People of Northwest Public Radio
Thu October 25, 2012
Obama Will Become First President To Cast His Ballot Early
Originally published on Thu October 25, 2012 2:34 pm
Update at 5:19 p.m. ET. Obama Votes In Chicago:
After joking with some of the poll workers in Chicago, President Obama cast his ballot today, becoming the first president in history to vote early.
When Obama handed his license to the poll worker, he joked that they should ignore the fact that he has no grey hair in the picture. The poll worker actually checked if the picture on his ID matched the face.
After geting a little help to finalize his electronic vote, Obama said his vote showed just how easy and convenient the process was.
"I can't tell you who I voted for," Obama said to laughs.
Our Original Post Continues:
President Obama will take a moment from his current campaign schedule to cast his ballot in his hometown of Chicago today.
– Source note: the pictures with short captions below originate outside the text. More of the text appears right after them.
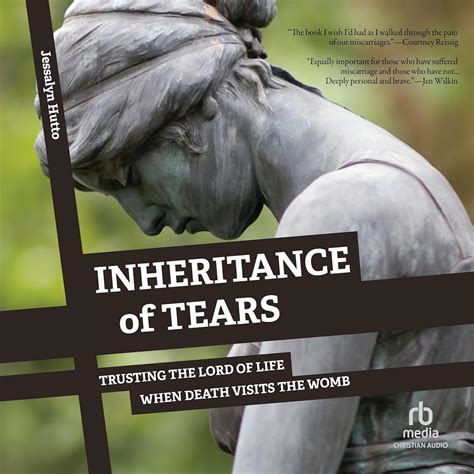 inheritance of tears trusting the lord of life wh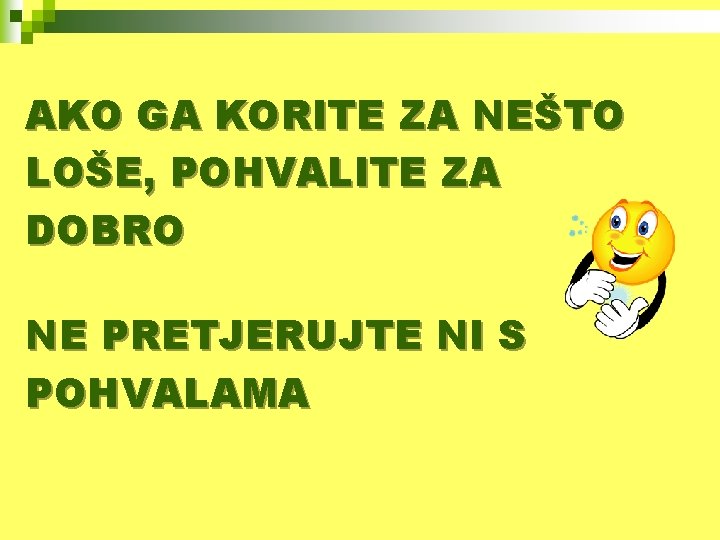 AKO GA KORITE ZA NEŠTO LOŠE, POHVALITE ZA DOBRO NE PRETJERUJTE NI S POHVALAMA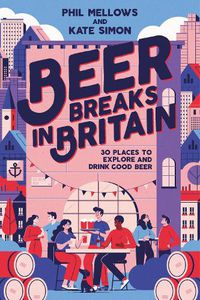 Cover image for Beer Breaks in Britain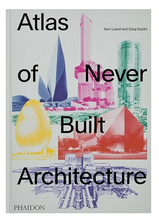 Load image into Gallery viewer, Atlas of Never Built Architecture
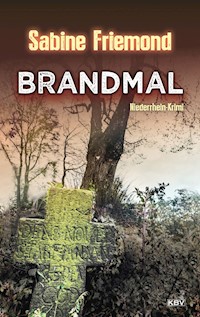 Brandmal - Sabine Friemond - ebook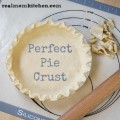 Perfect Pie Crust | realmomkitchen.com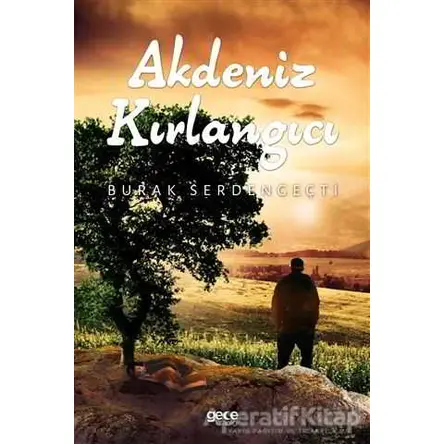 Akdeniz Kırlangıcı - Burak Serdengeçti - Gece Kitaplığı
First lady Michelle Obama also voted early, sending her ballot by mail Wednesday.
The vote will make Obama the first president in history to cast an early ballot.
In an email to reporters, the Obama campaign said the president was voting early "to promote the ease, convenience, and importance of voting."
USA Today adds that the president pushed early voting during his campaign stops today. The paper reports:
"After the Virginia strop, Obama planned to set an example by flying to Chicago to cast his own early ballot.
"'I can't tell you who I'm voting for — it"s a secret ballot,' Obama joked in Virginia, the sixth of eight stops on his national tour. But he added that another early voter — first lady Michelle Obama — 'said she voted for me.'"
As with everything this close to a general election, the politics of Obama's early vote are being dissected.
The Hill, for example, points out that the Obama campaign and the Romney campaign are bickering over who has the advantage so far in early voting. The Obama campaign issued a memo "claiming to be well ahead of Romney among early voters in the critical battleground state of Ohio."
The Republican National Committee responded by saying the memo was "panicked" and "argued that Republicans have been shrinking the president's lead in Ohio early voting."